MLS data aggregated by listings portal Realtor.com shows there were 6,510 single-family homes, condominiums and townhouses on the market in the metro area in March. That’s up over 11 percent year-over-year, and the highest since March 2020, when 8,444 listings were on the market.

Also, according to Realtor.com, the median days on market for a residential listing sat at 30 days, an 18 percent increase year-over-year, further signaling that the market dynamics are shifting ever so slightly.

The average sale-to-list percentage sat at 99.8 percent, an indication that now buyers are having some difficulty fetching over-asking offers and sales. Meanwhile, 37 percent of homes sold over asking in Boston last month, according to Redfin, a decline from the 45 percent that did so a year ago.

Heading into the spring market, sellers will still have the upper hand on buyers, said Lamacchia Realty CEO Anthony Lamacchia, with inventory remaining low and demand being high.

“The buyer demand is strong,” he said. “At this time of year, there’s never enough sellers, and this year is no different.”

Monthly data on the dollar volume of mortgage rate-locks published by Optimal Blue was nearly 40 percent higher year over year. Purchase lock volume increased by 5 percent compared to February 2025. The chief concern, market-watchers say, is that geopolitical and economic uncertainty could cause the spring market to stall, Optimal Blue analysts said.

The average rate on a 30-year, fixed-rate mortgage dropped slightly 6.37 percent Thursday, according to mortgage-buyer Freddie Mac, after ending the prior seven-day period at 6.46 percent.

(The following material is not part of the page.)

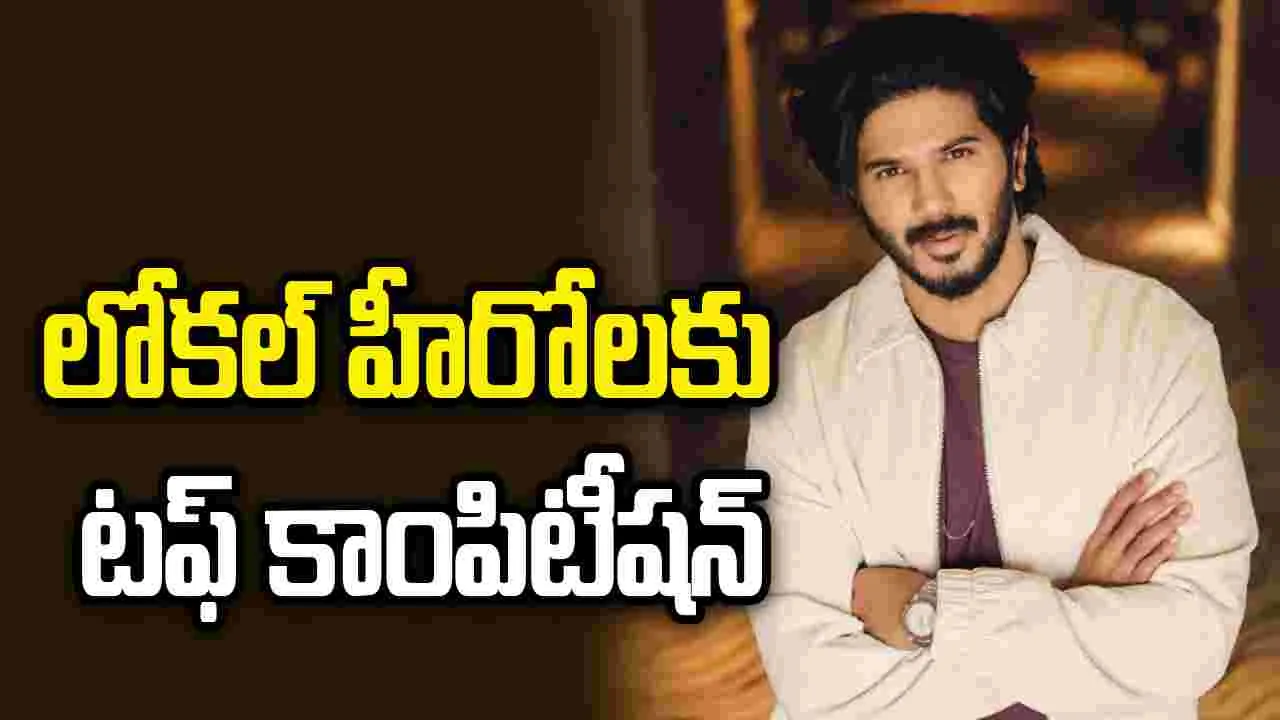 దుల్కర్ స్పీడ్‌కు బ్రేకుల్లేవ్!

“March arrived with real momentum, rates below 6%, listings climbing, and cautious optimism building around the spring season,” said Danielle Hale, Chief Economist, Realtor.com. “Then the backdrop shifted. Mortgage rates have risen over the past four weeks, the Fed is signaling caution, and uncertainty is once again threatening to sideline buyers and sellers. So far, our data shows a market where so far none of the key warning signs are flashing red, but the path to a strong spring homebuying and selling season has narrowed.”